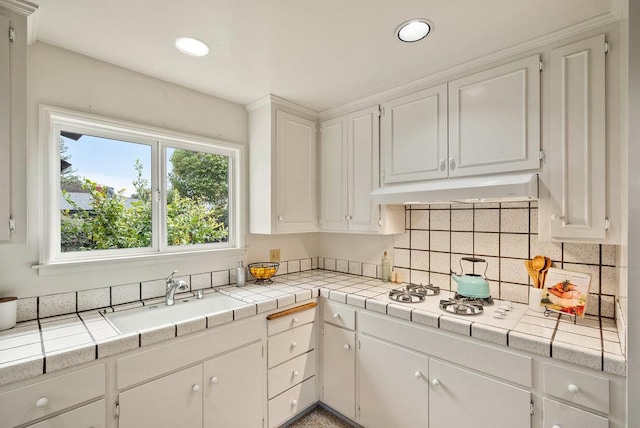 kitchen with sink, tile countertops, and white cabinets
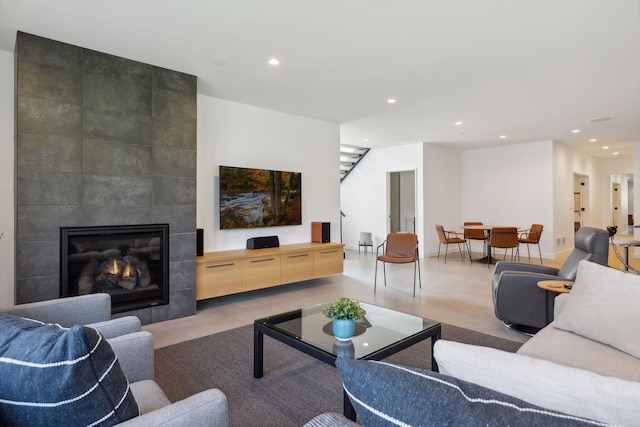 living area featuring recessed lighting, baseboards, a tiled fireplace, and stairs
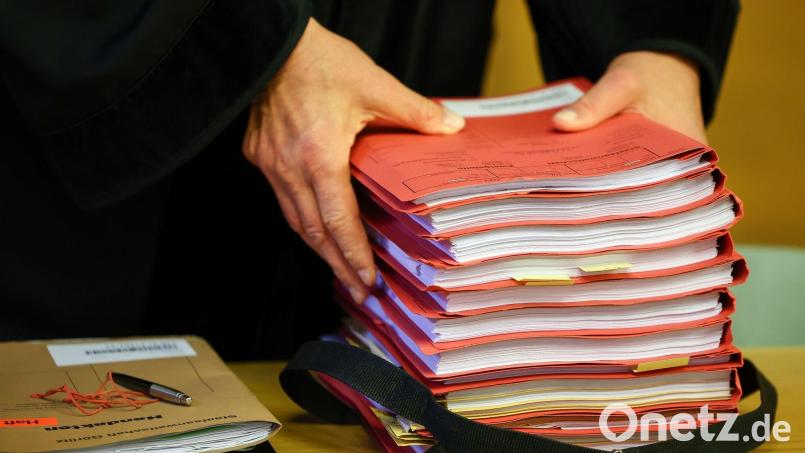 Ein Staatsanwalt legt einen Stapel Akten vor Prozessbeginn auf seinen Tisch im Gericht. Im Prozess um Corona-Maskenbefreiungen und Impfatteste äußert sich jetzt auch der angeklagte Arzt in Amberg. Symbolbild: Jan Woitas/dpa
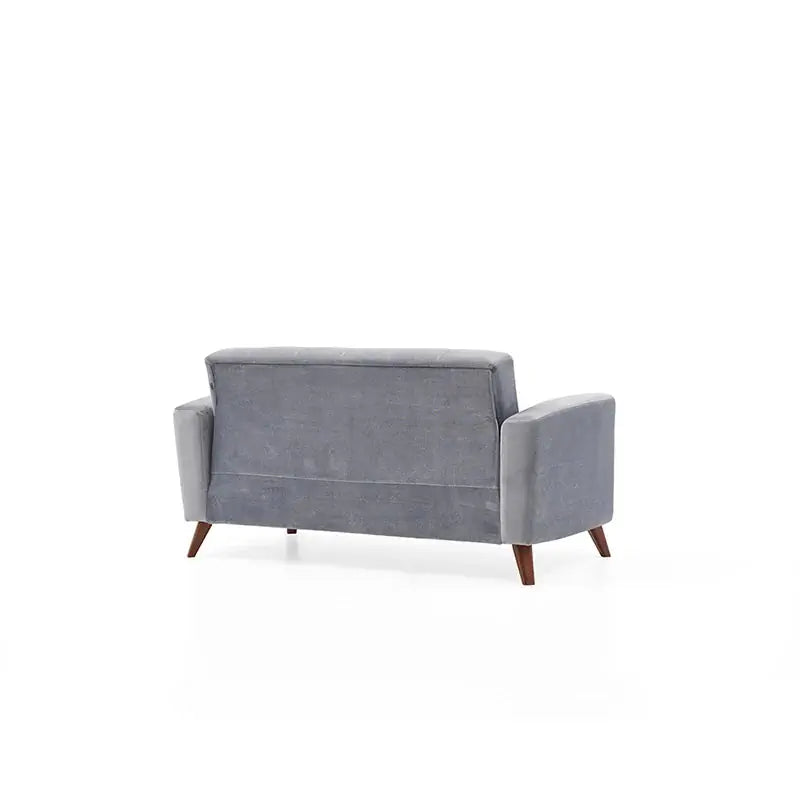 Yellow sofa with decorative pillows on a white background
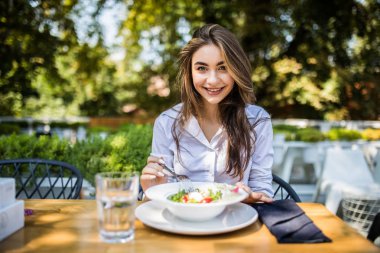 Genç kadın cafede karışık sebze salatası yiyor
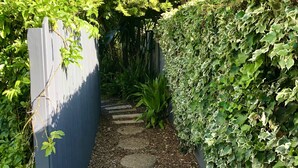 Un estrecho sendero de jardín con piedras para pisar que atraviesa abundante vegetación y una cerca azul a un lado.
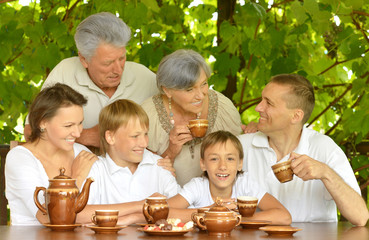 Wall Mural - Happy family in summer park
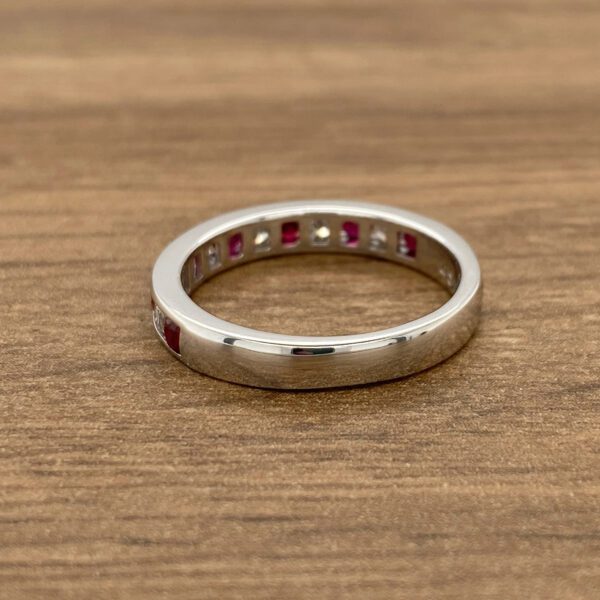 White gold band with ruby and diamond stones.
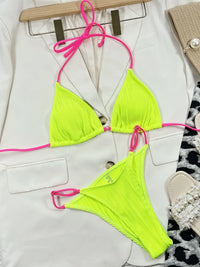 Neon green bikini set with pink straps on a white surface.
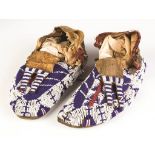 Pair of Sioux Moccasins. Pair of Sioux Moccasins. Late 19th century. L 10 1/2". Some loss to beads.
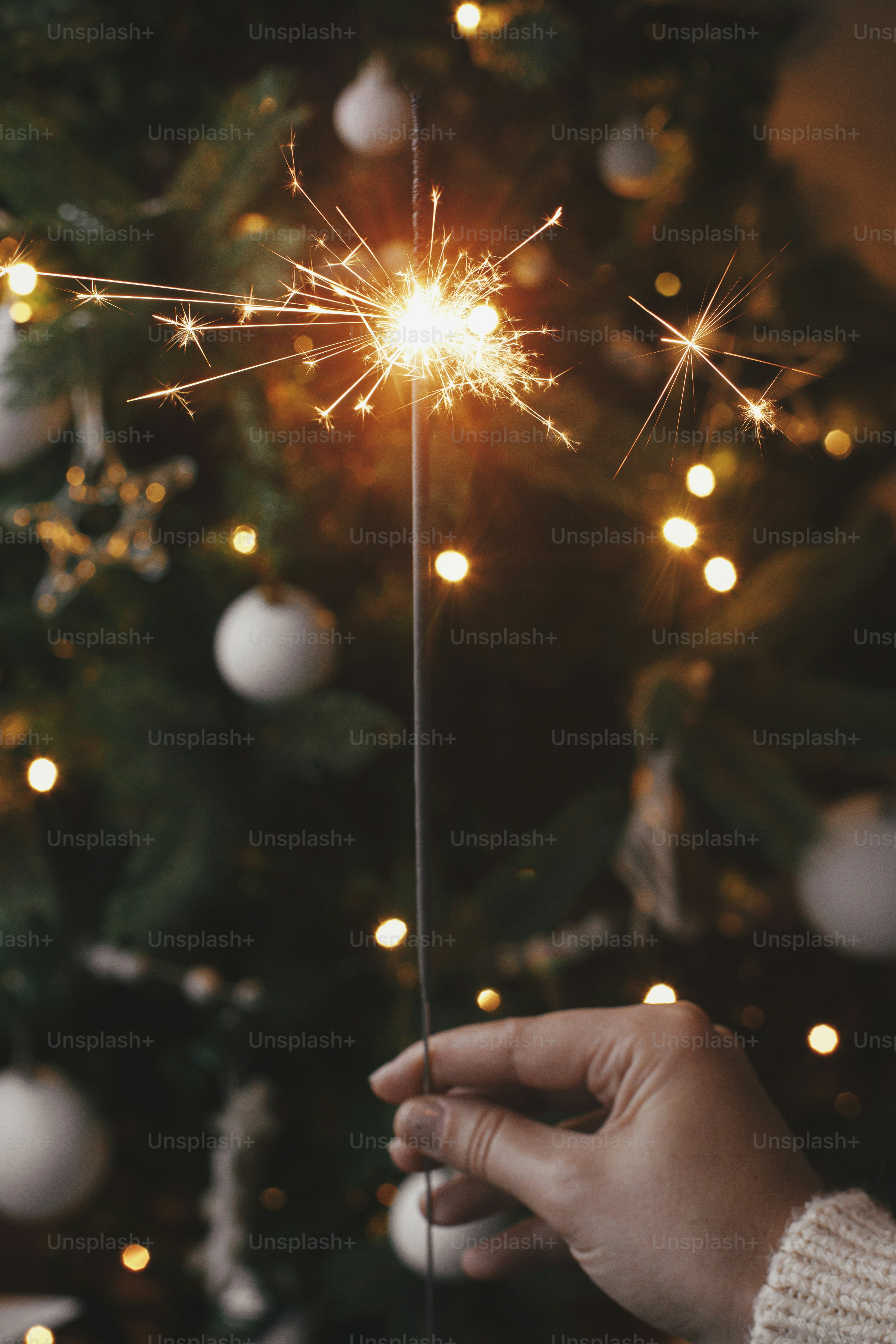 Happy New Year! Hand holding burning sparkler on background of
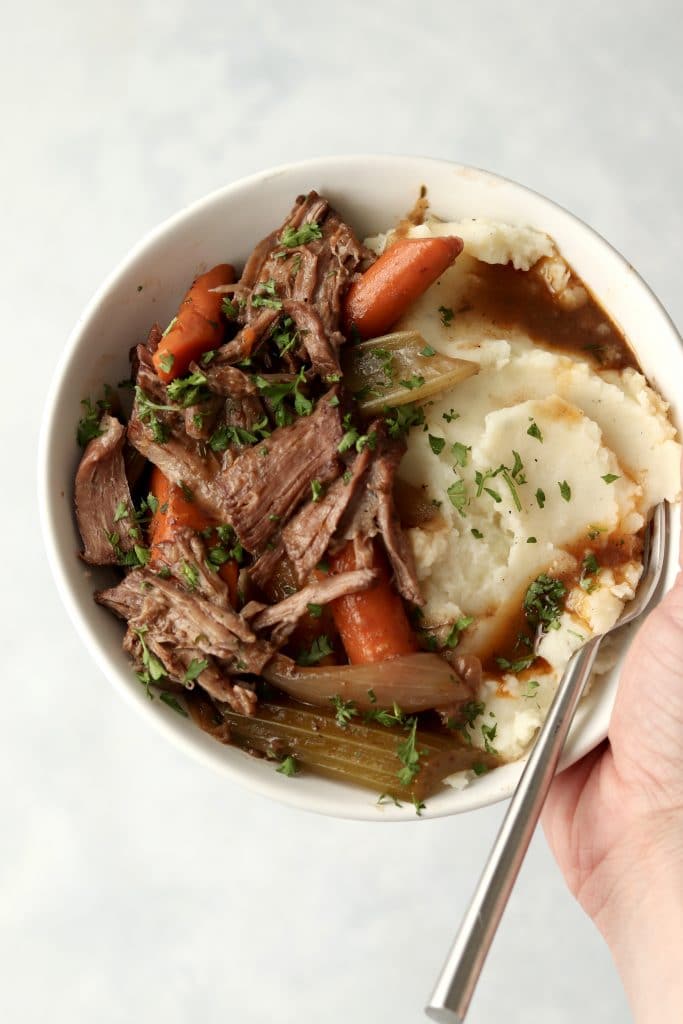 hand holding bowl of pot roast and mashed potatoes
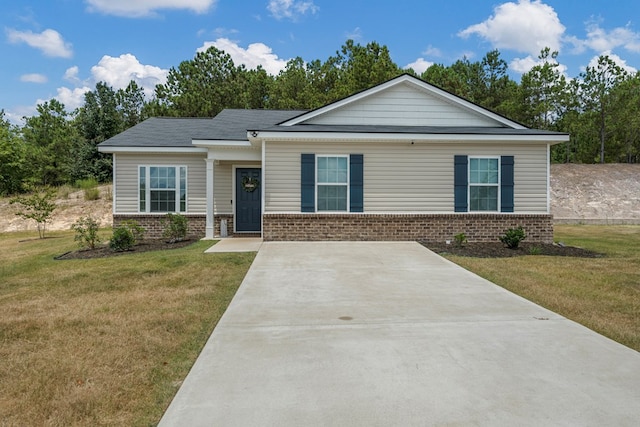 6368 Sandy Bottom Dr, Columbus, GA 31907 - view of front of house with brick siding, a front lawn, and concrete driveway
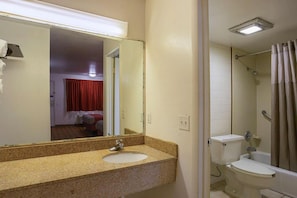 Un baño con lavamanos de encimera de granito, un espejo, inodoro y zona de ducha.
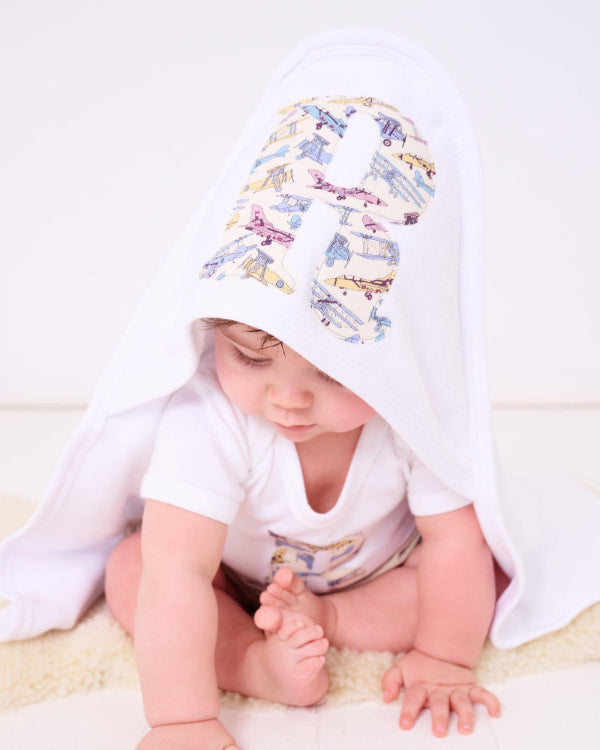 A little baby wearing a soft cotton hooded baby towel with his initial sewn on the hood in jet plane liberty print.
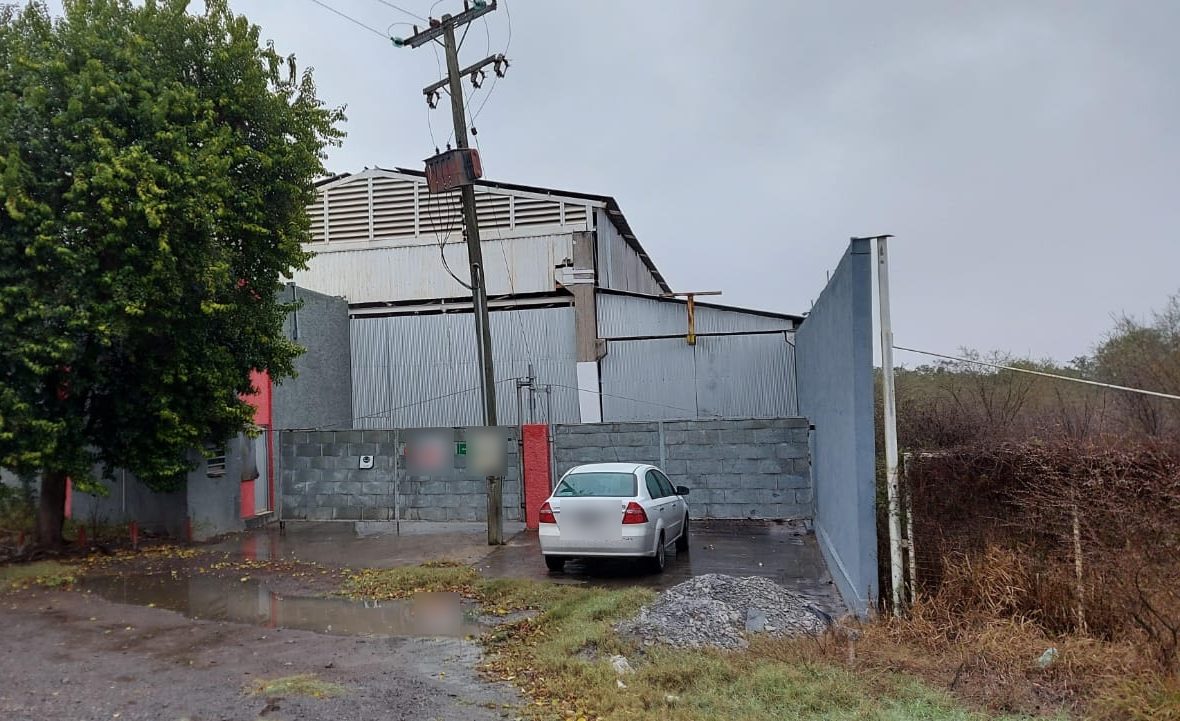 La planta vista desde la orilla de la carretera: barda de block al frente, poste de CFE, la nave detrás y un árbol grande junto al acceso.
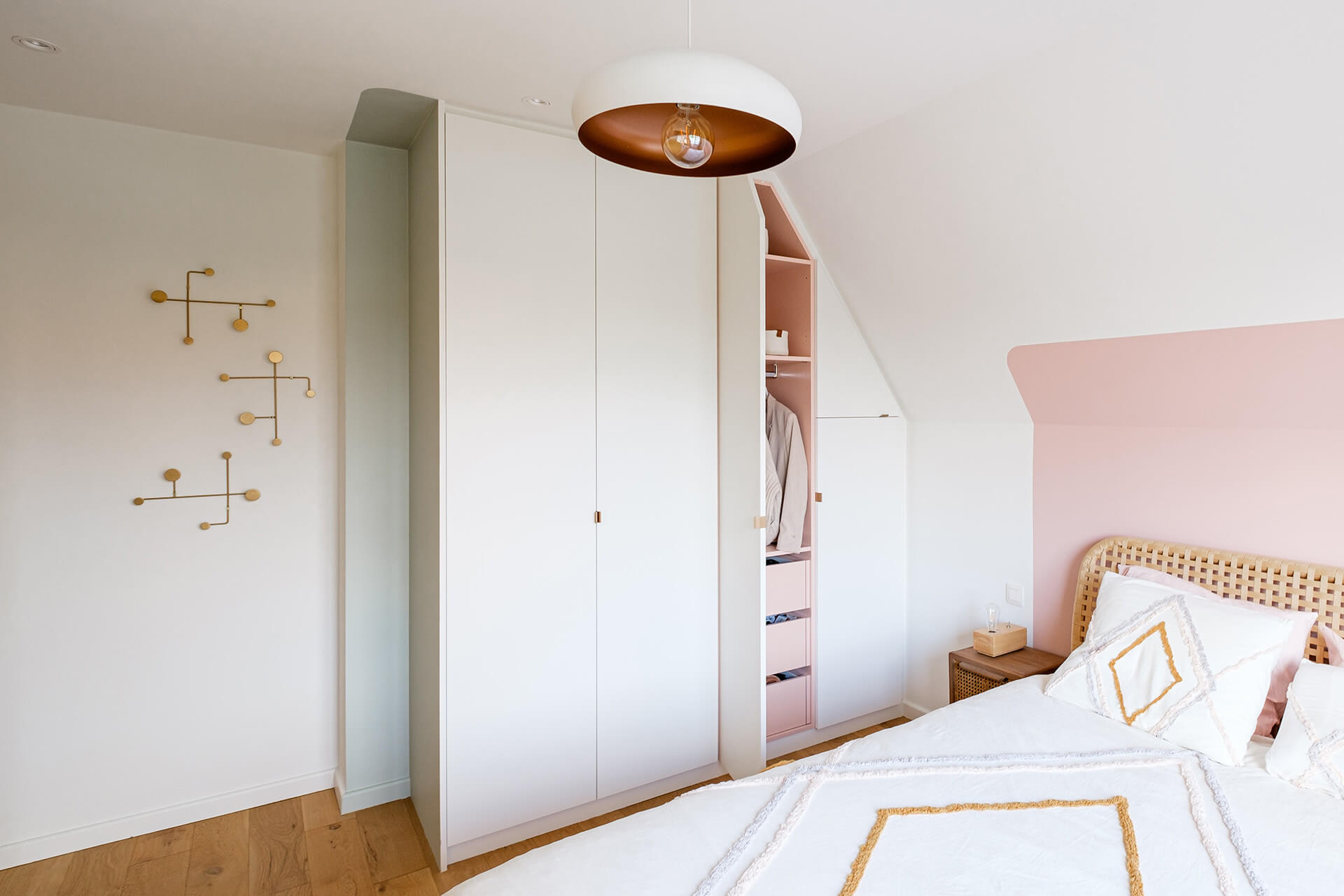 Armoire sur mesure en blanc et rose sous un toit en pente dans une chambre d'enfant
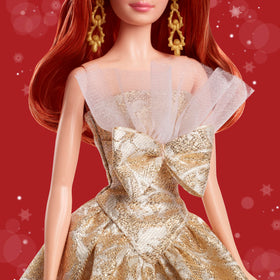 Barbie Signature doll featuring gold drop earrings for authentic sparkle.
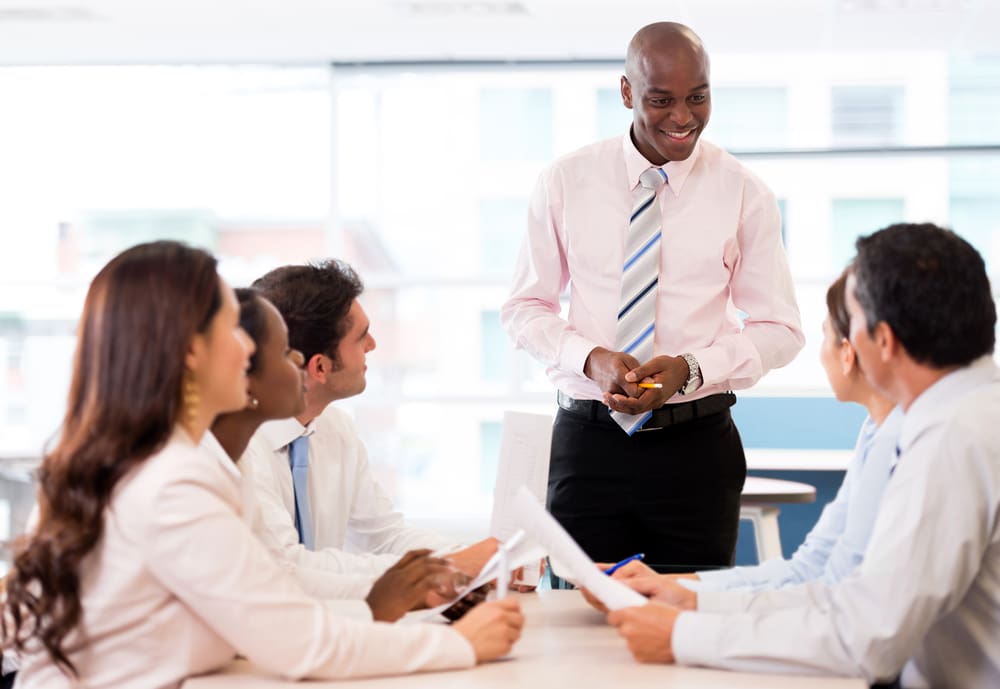 A man in a white shirt and blue-striped tie stands and smiles while addressing a group of seated colleagues in a brightly lit office.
━━━━━━━━
Work order: Give again, exactly as written above, every line from the one holding "White gold band" to the one holding "Armoire sur mesure", with both ends kept and the pictures left out.

Output for this task:
 White gold band with ruby and diamond stones.
 Neon green bikini set with pink straps on a white surface.
 Pair of Sioux Moccasins. Pair of Sioux Moccasins. Late 19th century. L 10 1/2". Some loss to beads.
 Happy New Year! Hand holding burning sparkler on background of
 hand holding bowl of pot roast and mashed potatoes
 6368 Sandy Bottom Dr, Columbus, GA 31907 - view of front of house with brick siding, a front lawn, and concrete driveway
 Un baño con lavamanos de encimera de granito, un espejo, inodoro y zona de ducha.
 A little baby wearing a soft cotton hooded baby towel with his initial sewn on the hood in jet plane liberty print.
 La planta vista desde la orilla de la carretera: barda de block al frente, poste de CFE, la nave detrás y un árbol grande junto al acceso.
 Armoire sur mesure en blanc et rose sous un toit en pente dans une chambre d'enfant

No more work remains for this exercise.